El Gobierno y las FARC se dieron, el pasado 23 de septiembre, seis meses para llegar a un acuerdo definitivo tras más de tres años de negociaciones en La Habana. El apretón de manos entre Santos y Timochenko se daba tras firmar lo que se suponía que era el acuerdo de justicia, el punto más enrevesado de todo el proceso de paz. Sin embargo, después de ese acto, las negociaciones sobre este pacto se extendieron y no se consolidaron hasta mediados de diciembre, lo que hizo que el resto de puntos se demorara durante dos meses.

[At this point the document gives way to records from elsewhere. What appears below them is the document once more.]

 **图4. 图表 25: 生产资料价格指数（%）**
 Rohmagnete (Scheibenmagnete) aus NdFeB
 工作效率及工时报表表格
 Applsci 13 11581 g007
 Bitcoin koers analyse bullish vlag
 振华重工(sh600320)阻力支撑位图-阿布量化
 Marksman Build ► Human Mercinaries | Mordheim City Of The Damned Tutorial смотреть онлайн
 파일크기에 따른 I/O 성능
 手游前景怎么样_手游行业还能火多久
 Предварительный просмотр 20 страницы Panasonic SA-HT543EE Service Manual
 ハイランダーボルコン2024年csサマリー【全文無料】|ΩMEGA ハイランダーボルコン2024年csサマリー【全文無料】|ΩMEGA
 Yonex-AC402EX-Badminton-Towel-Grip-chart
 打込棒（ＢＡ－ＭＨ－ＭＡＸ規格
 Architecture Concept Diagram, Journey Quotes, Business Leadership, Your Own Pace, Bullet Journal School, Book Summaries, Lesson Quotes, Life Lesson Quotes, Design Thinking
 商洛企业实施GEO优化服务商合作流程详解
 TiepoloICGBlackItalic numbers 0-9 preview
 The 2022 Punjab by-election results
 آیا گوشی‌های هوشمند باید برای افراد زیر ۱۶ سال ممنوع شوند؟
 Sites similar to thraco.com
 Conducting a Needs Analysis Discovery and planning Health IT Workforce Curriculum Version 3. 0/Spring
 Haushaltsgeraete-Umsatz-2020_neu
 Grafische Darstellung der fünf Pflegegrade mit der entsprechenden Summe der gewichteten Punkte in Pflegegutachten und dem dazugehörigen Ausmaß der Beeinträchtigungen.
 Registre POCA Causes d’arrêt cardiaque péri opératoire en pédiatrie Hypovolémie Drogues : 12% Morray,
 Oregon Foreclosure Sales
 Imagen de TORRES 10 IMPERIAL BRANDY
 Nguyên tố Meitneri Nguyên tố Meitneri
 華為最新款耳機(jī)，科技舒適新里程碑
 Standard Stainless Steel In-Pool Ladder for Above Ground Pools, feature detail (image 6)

Por este motivo, la guerrilla siempre mantuvo que la fecha del 23 de marzo era inalcanzable, ya que no se daban las condiciones mínimas y aún faltan por concretar aspectos tan relevantes como las zonas de concentración de los guerrilleros o las condiciones de la dejación de armas por parte de las FARC. Pese a todo, desde principios de mes ambas delegaciones se encuentran en La Habana en sesión continua hasta el próximo 23 para tratar de avanzar lo máximo posible.

Fuentes conocedoras de las negociaciones, tanto por parte de las FARC como por parte del Gobierno, coinciden en que, aunque no se logre el acuerdo final, sí se tratará de hacer un anuncio relevante ese día o en torno al 23, coincidiendo además con la visita del presidente de Estados Unidos, Barack Obama, a Cuba. En cualquier caso, es poco probable que el mandatario estadounidense se reúna con las delegaciones, aunque sí se espera de él algún gesto, como ocurriese ya con el Papa durante su visita a la isla.

Con el próximo anuncio, el Gobierno tratará de revitalizar el apoyo de la opinión pública al proceso de paz, cada vez más desapegada a las negociaciones. Según la última encuesta de Gallup, el 57% de los colombianos considera que las conversaciones de La Habana van por el mal camino, mientras que solo el 37% cree que las negociaciones marchan bien.

Los colombianos dan también la espalda a Santos. El 69% de los consultados por Gallup desaprueba la gestión del presidente, la cifra más baja desde agosto de 2013, cuando el 71% se mostraba en contra de su gestión. En diciembre de 2015, el 52% de los colombianos se mostraba en desacuerdo con la forma en que el presidente llevaba las negociaciones.

El Gobierno ha ido poco a poco deslizando la idea de que tampoco se lograría un acuerdo el 23 de marzo, aunque no ha sido hasta ahora cuando lo ha cristalizado. Ya a principios de febrero, durante la visita de Santos a Washington, el presidente colombiano sugirió que la firma no se lograría en el tiempo previsto: “Esperamos poder firmar [el acuerdo] para el 23 de marzo. Pero —y no es un pero imposible en estas complicadas negociaciones que duran ya tres años— si la firma del acuerdo se retrasa algo, tampoco pasará nada. “Que sea dos días después, o un día antes, o una semana más tarde, no importa”, aseguró.